What we learned from this fight (part 1/3)
Yesterday, with the total collapse of the Republicans' dangerous and reckless attempt to hold our nation hostage to their extremist agenda, we won an important battle. The Democratic leaders in Washington, DC finally stood up to Republican hostage-taking and it worked. This is a good thing.
But it is neither an absolute victory nor the last battle we'll have to fight on this front, so we thought it would be worthwhile to explain more of our thinking about where we are in the larger fight, and what that means for progressives in the coming months.
Congress passed a bill to raise the debt ceiling and re-open the government, averting a crisis that was entirely manufactured and completely avoidable. And what did the Republican extremists get that they wouldn't have gotten without their hostage-taking? Practically nothing in terms of substantive policy, plus a brutal drubbing in the court of public opinion.

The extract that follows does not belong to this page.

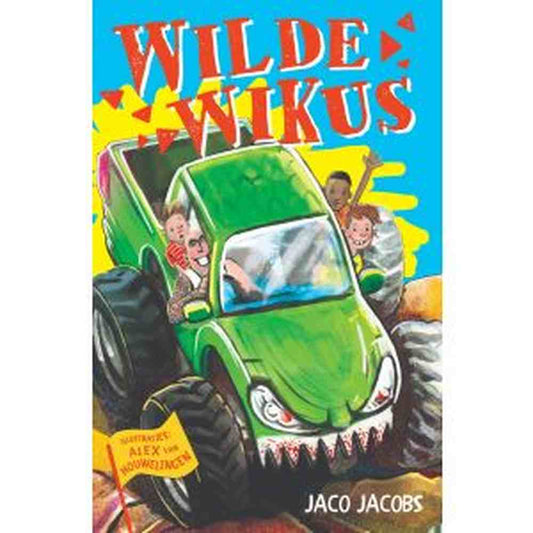 Wilde Weskus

While the bill that passed did not undo the economic pain the Republicans caused by shutting down the government, and while it extended the brutal sequester cuts that go even beyond Paul Ryan's heartless budget plan, this was a huge victory nonetheless.
Democrats proved that if they went toe-to-toe with Republicans and drew a line in the sand on important, popular and completely reasonable policies, they could prevail without conceding anything meaningful to the Republican hostage-takers.
This represents a significant change in tactics for Democratic leaders, who have time and time again caved to Republicans in similar situations since the Tea Party swung control of the House after the 2010 elections.President Obama set the stage for this win by saying he would not negotiate in order to get the Republicans to fulfill their basic responsibilities to fund the government and prevent a government default, and the president will certainly get a lot of well-deserved credit for that.
Yet those of us closely following the behind-the-scenes machinations inside the Washington, DC Beltway also know that this victory was made possible in large part because Senate Democrats under the leadership of Sen. Harry Reid played hardball and stayed unified in the face of the Republicans' outrageous ransom demands.
All through this fight everyone knew that it was highly unlikely that Democrats would agree to the Republicans' outrageous demands that Congress dismantle the president's signature health care law. The Affordable Care Act was upheld by the Supreme Court, and then endorsed by voters who re-elected the president in an election where the health care reform was at the center of the debate.
But that said, there was no guarantee that the Republicans would lose this fight so thoroughly without anything to show for it. On the process issue of refusing to negotiate with Republican hostage-taking, this is a clear win for Democrats and for the American people.